Create a CuDNN extern op that computes the gradient of 2D convolution with respect to weight.
- Parameters:
dy (Tensor) – output gradient
x (Tensor) – input tensor
kernel_size (a pair of int) – The spatial size of the corresponding forward convolution kernel
conv_mode (int) – 0: CUDNN_CONVOLUTION 1: CUDNN_CROSS_CORRELATION
tensor_format (int) – 0: CUDNN_TENSOR_NCHW 1: CUDNN_TENSOR_NHWC
conv_dtype (str) – convolution type
groups (int) – the number of groups
- Returns:
dw – wgrad tensor
- Return type:
- tvm.contrib.cudnn.softmax(x, axis=-1)
Compute softmax using CuDNN
- Parameters:
x (tvm.te.Tensor) – The input tensor
axis (int) – The axis to compute the softmax
- Returns:
ret – The result tensor
- Return type:
- tvm.contrib.cudnn.log_softmax(x, axis=-1)
Compute log_softmax using CuDNN
- Parameters:
x (tvm.te.Tensor) – The input tensor
axis (int) – The axis to compute log softmax over
- Returns:
ret – The result tensor
- Return type:
tvm.contrib.dlpack
Wrapping functions to bridge frameworks with DLPack support to TVM
- tvm.contrib.dlpack.convert_func(tvm_func, tensor_type, to_dlpack_func)
- Convert a tvm function into one that accepts a tensor from another
framework, provided the other framework supports DLPACK
tvm.contrib.dnnl
External function interface to BLAS libraries.

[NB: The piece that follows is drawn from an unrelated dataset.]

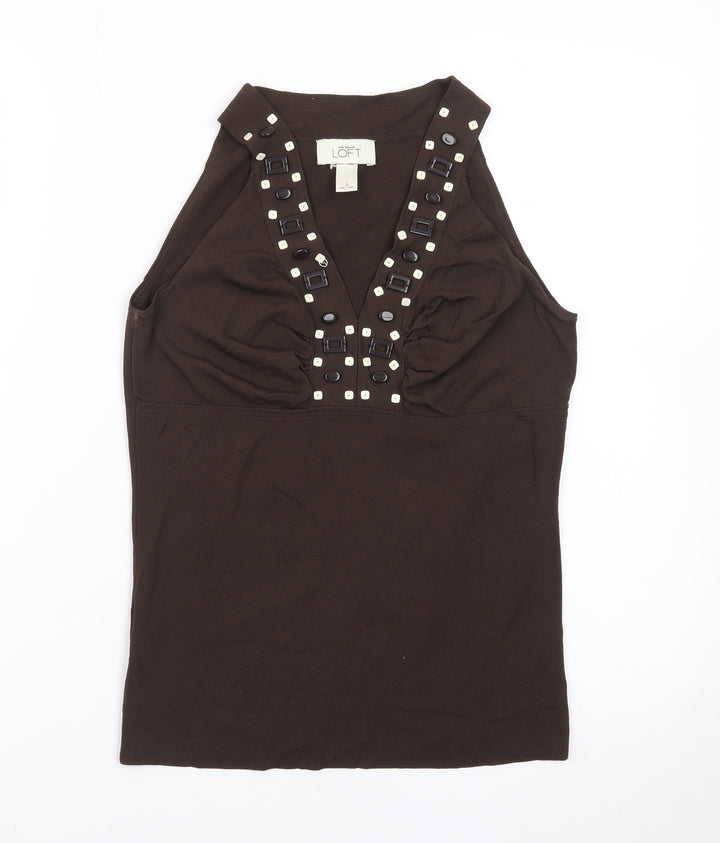 Ann Taylor Loft Womens Brown Studded Halter V-Neck Tank Top S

- tvm.contrib.dnnl.matmul(lhs, rhs, transa=False, transb=False, **kwargs)
Create an extern op that compute matrix mult of A and rhs with CrhsLAS This function serves as an example on how to call external libraries.
- tvm.contrib.dnnl.dnnl_conv2d(src, weights, stride, padding, dilation, groups, channel_last=False, out_dtype='float32', **kwargs)
Convolution operator in NCHW layout.
- Parameters:
src (tvm.te.Tensor) – 4-D with shape [batch, in_channel, in_height, in_width]
weights (tvm.te.Tensor) – 4-D with shape [num_filter, in_channel, filter_height, filter_width]
stride (int or a list/tuple of two ints) – Stride size, or [stride_height, stride_width]
padding (int or a list/tuple of 2 or 4 ints) – padding size, or [pad_height, pad_width] for 2 ints, or [pad_top, pad_left, pad_bottom, pad_right] for 4 ints
dilation (int or a list/tuple of two ints) – dilation size, or [dilation_height, dilation_width]
groups (str) – input data layout: NCHW or NHWC
channel_last (bool) – chose if input/output data format is in channel_last format(NHWC) or in plain format(NCHW)
out_dtype (str) – output datatype: now only support float32
- Returns:
Output – 4-D with shape [batch, out_channel, out_height, out_width]
- Return type:
tvm.contrib.download
Helper utility for downloading
- tvm.contrib.download.download(url, path, overwrite=False, size_compare=False, retries=3)
Downloads the file from the internet. Set the input options correctly to overwrite or do the size comparison
- Parameters:
url (str) – Download url.
path (str) – Local file path to save downloaded file.
overwrite (bool, optional) – Whether to overwrite existing file, defaults to False.
size_compare (bool, optional) – Whether to do size compare to check downloaded file, defaults to False
retries (int, optional) – Number of time to retry download, defaults to 3.
- tvm.contrib.download.download_testdata(url, relpath, module=None, overwrite=False)
Downloads the test data from the internet.
- Parameters:
url (str) – Download url.
relpath (str) – Relative file path.
module (Union[str, list, tuple], optional) – Subdirectory paths under test data folder.
overwrite (bool, defaults to False) – If True, will download a fresh copy of the file regardless of the cache. If False, will only download the file if a cached version is missing.
- Returns:
abspath – Absolute file path of downloaded file
- Return type:
tvm.contrib.emcc
Util to invoke emscripten compilers in the system.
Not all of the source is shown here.